「安全第一」と言うけれど、いちばん難しいのは“安全の定義”かもしれない
- sinsirokeibi
- 11月7日
- 読了時間: 2分

現場ではよく、「安全第一でいこう」という言葉を耳にします。
工事現場でも、警備の打ち合わせでも、必ずと言っていいほど最初に出てくる言葉です。
けれど時々思うのです。
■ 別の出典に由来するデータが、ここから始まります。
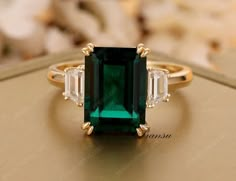 "★ RING INFORMATION ★ ------------------------------------------------------------------- ★ MAIN STONE ➺ SHAPE  :- Emerald Green cut  (lab created) ➺ Weight :- 4.90 ct (11 x 9 mm) (app.) ➺Gem color :  Green ➺Luster: Excellent ➺ Make: High Quality ➺Clarity : VVS ------------------------------------------------------------------- ★ SIDE DIAMOND  ➺ SHAPE  :-Trapezoid Cut Moissanite  ➺ Weight :- 0.50ct  ➺Gem color :  White/ Colorless ➺Luster: Excellent ➺ Make: High Quality ➺Clarity : VVS ------------------------------------------------------------------- ★ BAND  ➺ BAND WIDTH :- 1.8 mm  ➺ BAND THICKNESS :- 1.5 mm  ➺ Metal Tone: Yellow Gold , White Gold , Rose Gold (10KT,14KT,18KT) ➺ Finish : High Polished All stone are fixed with prong setting 3.5ct Emerald Diamond Engagement Ring 14k Solid gol Wedding Ring Minimalist, Emerald Diamond Engagement Ring, Emerald Ring Engagement Diamond, Minimalist Engagement Ring, Lab Created Emerald, Dream Engagement Rings, Emerald Engagement, Diamond Wedding Ring, Ring Minimalist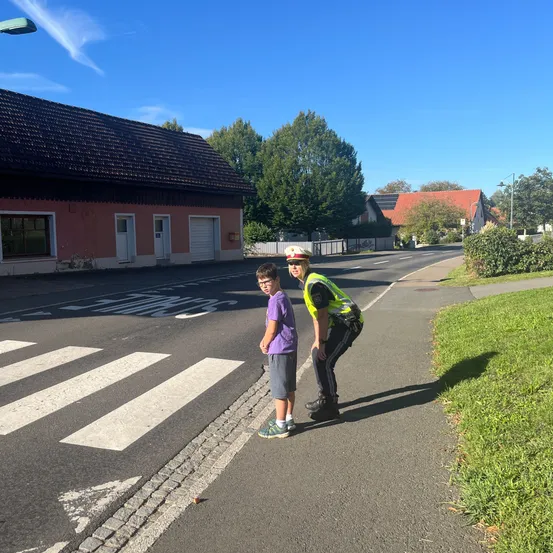 Ein Verkehrspolizist spricht mit einem jungen Jungen vor einem Zebrastreifen an einem sonnigen Tag.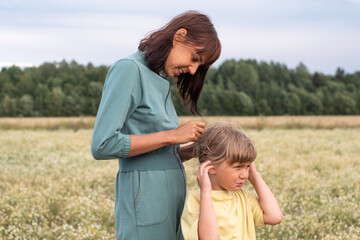 family photo. mom combs and braids her daughter's hair in the summer in the field. summer family walks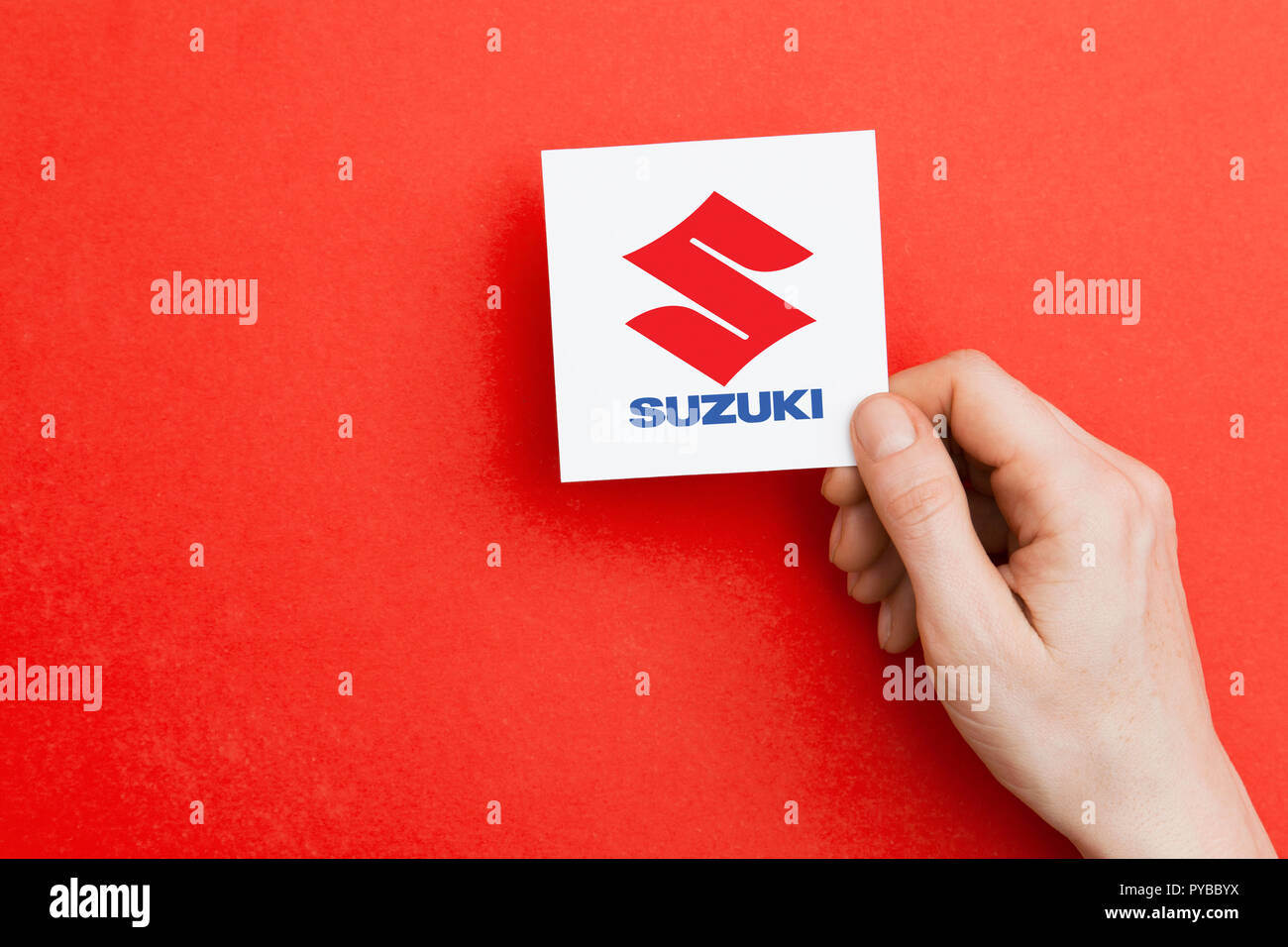 LONDON, UK - October 26th 2018: Hand holding a Suzuki logo. Suzuki is an automobile manufacturer. Stock Photo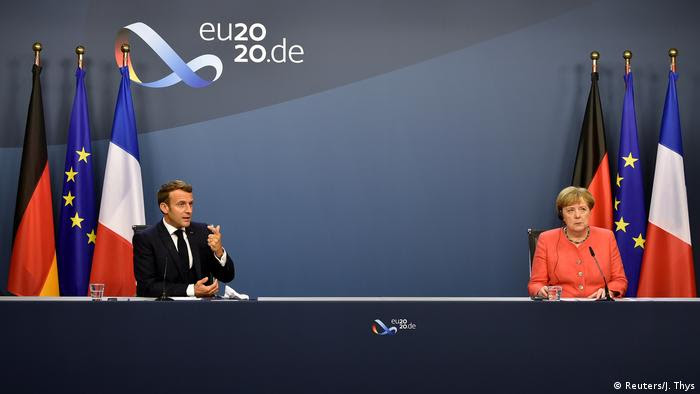 Emmanuel Macron e Angela Merkel em longa mesa, ao fundo as bandeiras da Alemanha, França e UE 
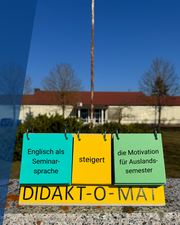 Aufsteller mit Text "Englisch als Seminarsprache steigert die Motivation für Auslandsaufenthalte" steht vor einem Unigebäude.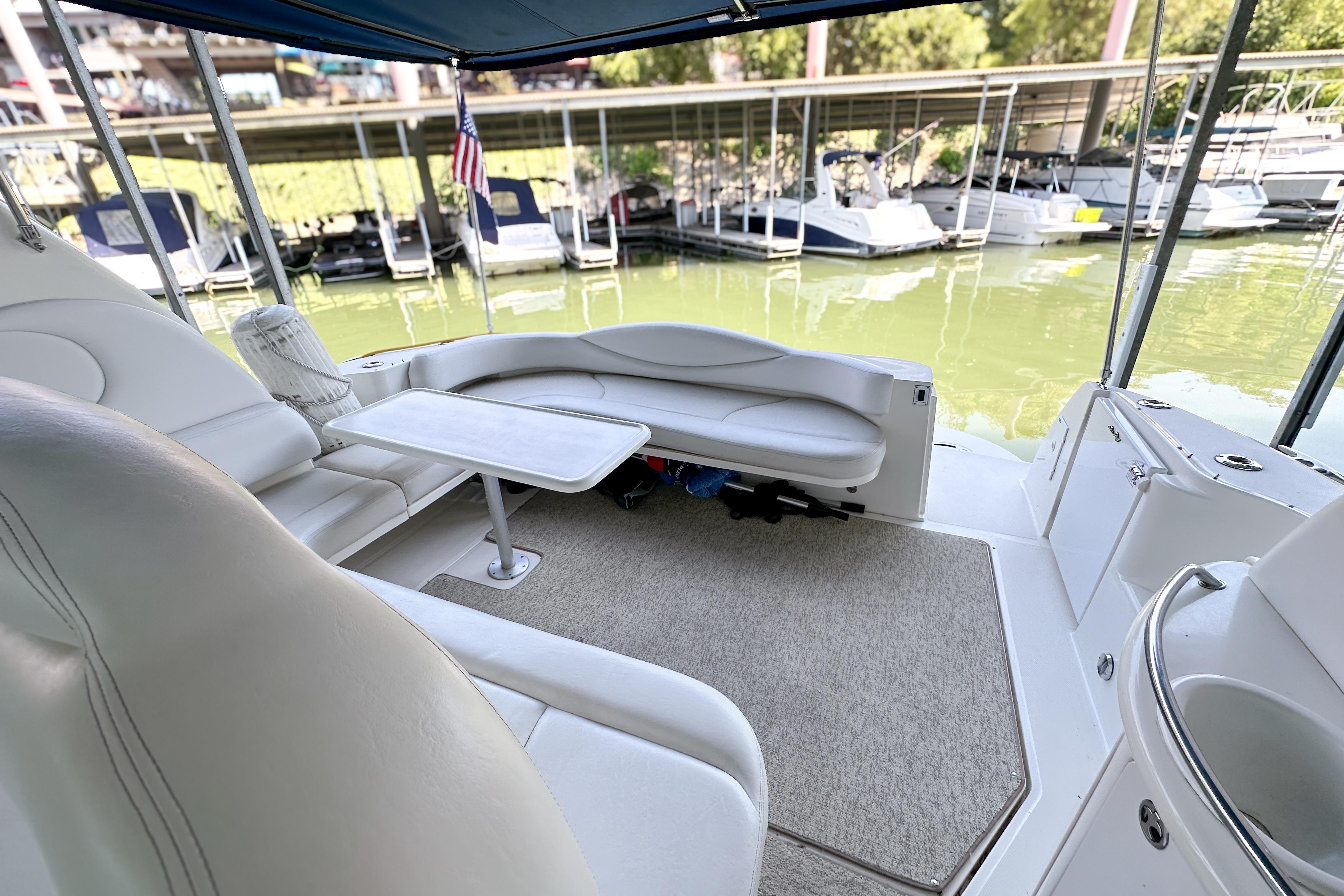 Interior of 2001 Sea Ray 410 Sundancer yacht with seating and table, docked at marina.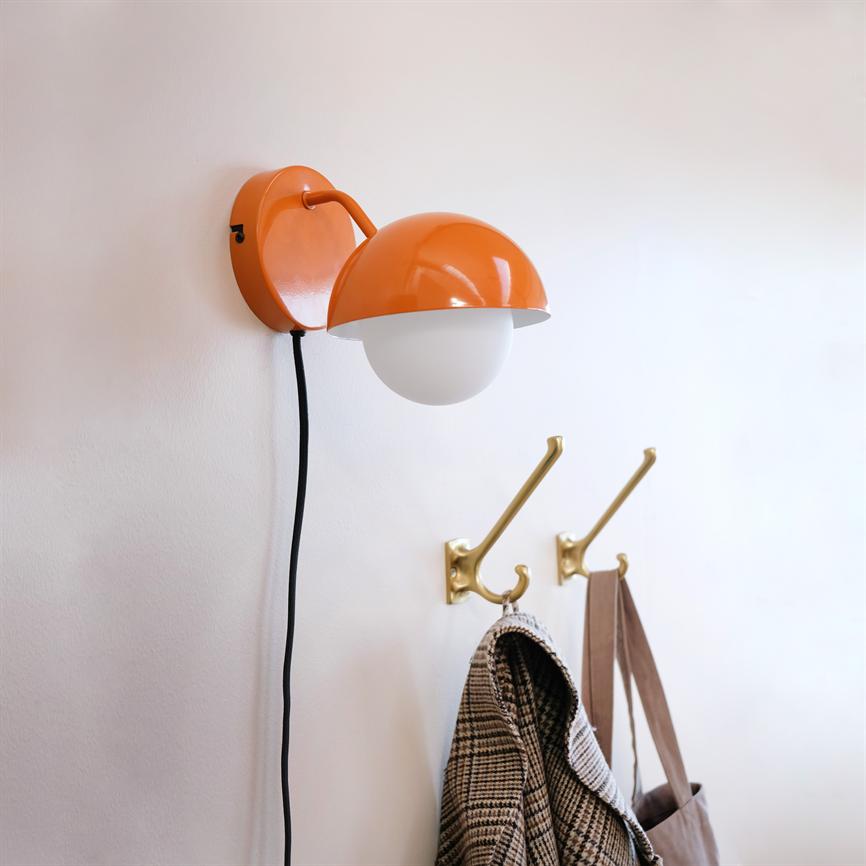 En orange væglampe hænger monteret på en hvid væg; dens runde skærm peger nedad; under den sidder to messingknager med en ternet frakke og en stoftaske.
“安全”とは、いったい何を指しているのだろうか。
たとえば交通誘導中。
車を止めることが安全なのか。
それとも、止めすぎずスムーズに流すことが安全なのか。
状況によって答えは変わります。
安全は、誰か一人の基準で決まるものではなく、周囲の動きとの“バランス”の中で成り立つものだと感じます。
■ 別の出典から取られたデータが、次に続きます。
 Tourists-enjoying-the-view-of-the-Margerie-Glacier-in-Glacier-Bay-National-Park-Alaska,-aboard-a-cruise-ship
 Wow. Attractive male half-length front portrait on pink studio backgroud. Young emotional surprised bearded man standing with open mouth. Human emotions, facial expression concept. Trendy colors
「安全第一」という言葉を正しく使うなら、それは**“まず考えるのは安全である”**という意味のはずです。
決して「安全を最優先にすれば何をしてもいい」ということではありません。
現場では、安全を守りながらも作業を進めなければなりません。
「止める」と「動かす」の間にある判断こそが、実は一番難しい部分です。
たとえば、車のドライバーを長く待たせすぎると、イライラして急発進することがあります。
それは別の危険を生みます。
逆に、流しすぎても歩行者が危ない。
つまり、安全は“静止”ではなく“調整”によって保たれるものなのです。
警備員の仕事は、その“調整の現場”に立つことだと思います。
どんなにルールを覚えても、現場ごとに条件は違います。
風の強い日、雨の日、日差しのまぶしい午後――同じ誘導でも安全の形は変わります。
その都度、周囲を見て、相手を見て、最も危険が少ない方法を選ぶ。
それが本当の「安全第一」ではないでしょうか。
「安全」とは、単に事故が起きないことではなく、関わる人全員が安心して動ける状態をつくること。
そう考えると、安全の定義はとても深く、そして人によって少しずつ違うのだと気づきます。
だから私は、毎日現場に立つたびに思います。
「今日の“安全”はどんな形だろう」と。
それを考え続けること自体が、安全を守る第一歩なのかもしれません。